The bill that passed unanimously in the Senate is a law as of Oct. 1, 2017, opens the doors for student journalists in Nevada to freely publish controversial issues without fear of being censored by school administrators.
File, who advocated for the bill and organized a team of people to give testimony for the bill, is “surprised and flattered” to be given the First Amendment Champions Award, and hopes that it will shed light on Nevada’s future that the bill will bring.
“To me, the work is what’s important and the recognition is just something that comes with that,” he said. “Hopefully this bill can help to address things I consider to be serious deficits in civics education— things that have to start in schools.”
File said before this bill was drafted, journalism educators across the board noticed that student journalists shouldn’t operate under the standard set by Hazelwood v. Kuhlmeier in 1989. This case set the precedent that school administrators can censor school-sponsored speech, like student media, if they can assert they have a legitimate purpose for doing so.

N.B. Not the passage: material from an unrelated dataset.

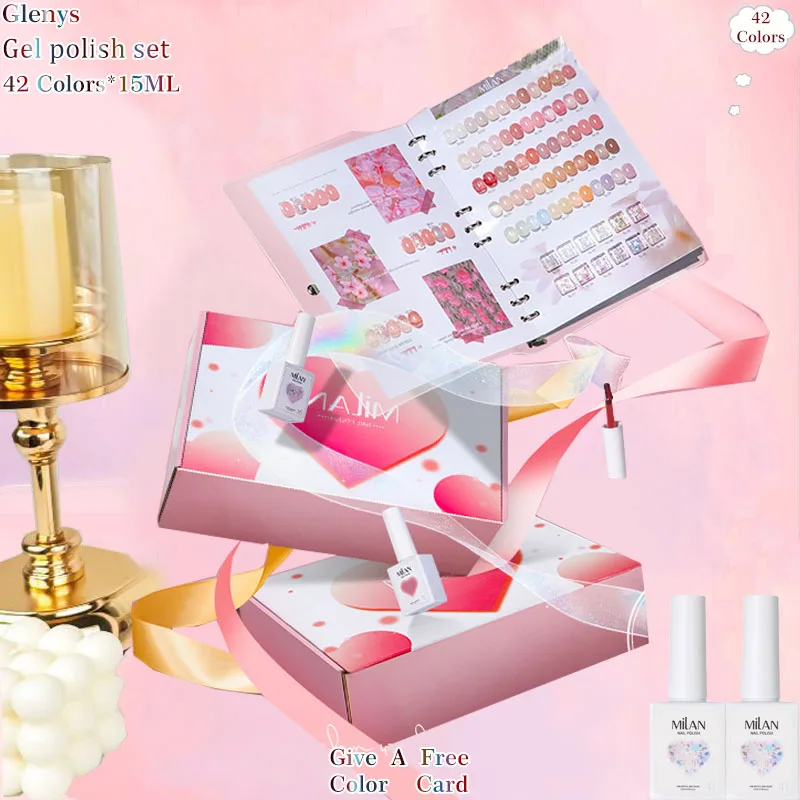 Glenys 42 color nail polish gel net red popular Jiaoshang pink tender white dipping stoke gel nail salon essential varnish set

The precedent set by Hazelwood “doesn’t ensure that we have an active civic life among students as they aren’t encouraged to talk about the things they care about, that might be controversial and that affect their lives.”
File said the law is about stopping a “dark cloud” of censorship above student journalists, but also about improving civic education and empowering students to be engaged in their communities.
While the law caters to student journalists, administrators also favor it as there are said to be clearer standards set for what administrators can censor, and if there is a lack of clarity, the students will self-censor.
Safety at school and the educational environment would still be protected, as the law will follow by a similar standard that the 1969 Supreme Court decision Tinker V. Des Moines brings. This case set the precedent that students don’t leave their free speech rights at home when they go to school, but rather, the school acts as another space they can express their First Amendment rights.
The law that File was recognized for supporting doesn’t take away the authority that school administrators have, and it doesn’t allow student journalists the same standards as professional journalists. It does, however, clarify censorship standards for student journalists.
File said the current state of the country shows that people aren’t confident in media or democracy and the only way to change that is by being better educated and talking about uneasy subjects that affect lives.
While File is “grateful” for the award, he is also appreciative of the platform the award gives in furthering journalism education and student media as something to shed light on public concerns, no matter the level of comfortability.
“The best conversations in our schools come from discussing uncomfortable issues, and we need to be brave about doing so and not stepping away from those issues,” File said. “Student media ought to be the place that we have those conversations, it shouldn’t be whispered in hallways.”